The near-death moment nobody talks about
Louis asked Roeland about a phone call in the early days where Aikido almost stopped. The story: eight months in, eight customers, roughly 30-40K in revenue, 800K euros already burnt. They seriously considered returning the remaining money to investors and calling it quits. But then it started to click. Looking back, all the foundations were there. They just needed a bit more time for the market to trust them.
Cameron’s version was different. Even at $1.7 billion in revenue, 35% year-on-year growth, you could not be more paranoid that everything could end tomorrow. And then an Aikido shows up in your market and suddenly a customer you thought was safe is talking to a startup in Belgium.
Culture changes, values stay
Cameron had a line I liked: at Atlassian, the mantra was “culture changes, the values stay the same.” You cannot go from 30 people in a Sydney office to 5,000 globally and keep the same culture. But the values (open company, no bullshit, play as a team, build with heart and balance, do not mess over the customer) do not change.
Roeland’s Aikido values echo this: no bullshit (in marketing, product, and between people), do not assume bad intent in written communication, be humble, keep it simple, and disagree then commit.
Louis added a sharp warning from his own experience at Showpad. “Be humble” and “keep it simple” were core values too. They held for a long time. But then they hired seasoned US sales leadership coming from large companies preparing for IPO. Those people were not humble and did not keep things simple. It had, in his words, a catastrophic impact on growth for a few years. Values are not just wall decorations.
The pricing angle
For those of you who follow me for the pricing stuff, this evening was full of it, even though neither speaker was explicitly talking about pricing.

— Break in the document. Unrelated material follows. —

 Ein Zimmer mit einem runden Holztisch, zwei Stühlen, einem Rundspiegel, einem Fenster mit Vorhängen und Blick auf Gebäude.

PLG is a pricing strategy, not just a growth tactic. Aikido’s model (value before purchase) fundamentally changes pricing dynamics. When someone has already experienced results in under 3 minutes, the price conversation is different. You are not selling a promise anymore. You are confirming a decision they have already made.
Annual price increases are a lever, not a crisis. Cameron was completely matter-of-fact about it. Higher tiers got 10% increases, lower tiers 4%. Planned. Annual. Tiered. That single lever moved Atlassian from $15M to $16.5M. Too many scale-ups I work with treat price increases as a one-time emergency measure instead of a recurring, planned growth driver.

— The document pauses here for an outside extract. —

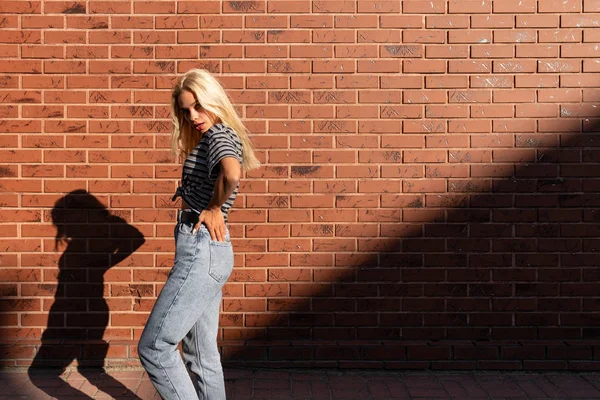 Visão lateral retrato de jovem loira em gey t-shirt e jeans que syands no sol, segura as mãos em sua cintura, isolado sobre parede de tijolo vermelho — Fotografia de Stock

Expansion revenue is where the real money is. Out of Cameron’s $10M-to-$20M path, net new customers were only part of the story. The bulk came from cross-sell, upsell, and price increases on the existing base. Your most important pricing decisions are not about acquisition. They are about expansion architecture.
Zero discount authority as a pricing discipline. At Atlassian, sales reps had zero discount authority. Zero. The head of enterprise sales got three discount approvals per quarter. If they had to discount to win deals, they were priced wrong. Instead, Atlassian ran programmatic discounts available to every customer equally: upgrade to premium this year, get 15% off. No hidden deals, no “talk to the right VP” games. That is pricing integrity at scale, and it is rare.
Competitive pricing done right. Roeland was refreshingly blunt: he knows his competitor prices by heart. Aikido positions as the cost leader by design. This is not a race to the bottom. It is a deliberate competitive wedge that works because their cost structure (no massive sales army, no US-level overhead) actually supports it.
Good evening at Wintercircus. Two completely different companies, two different growth stages, but the same underlying thread: scale is not about doing more of the same, louder. It is about knowing your math, staying close to your customers, and building systems that compound.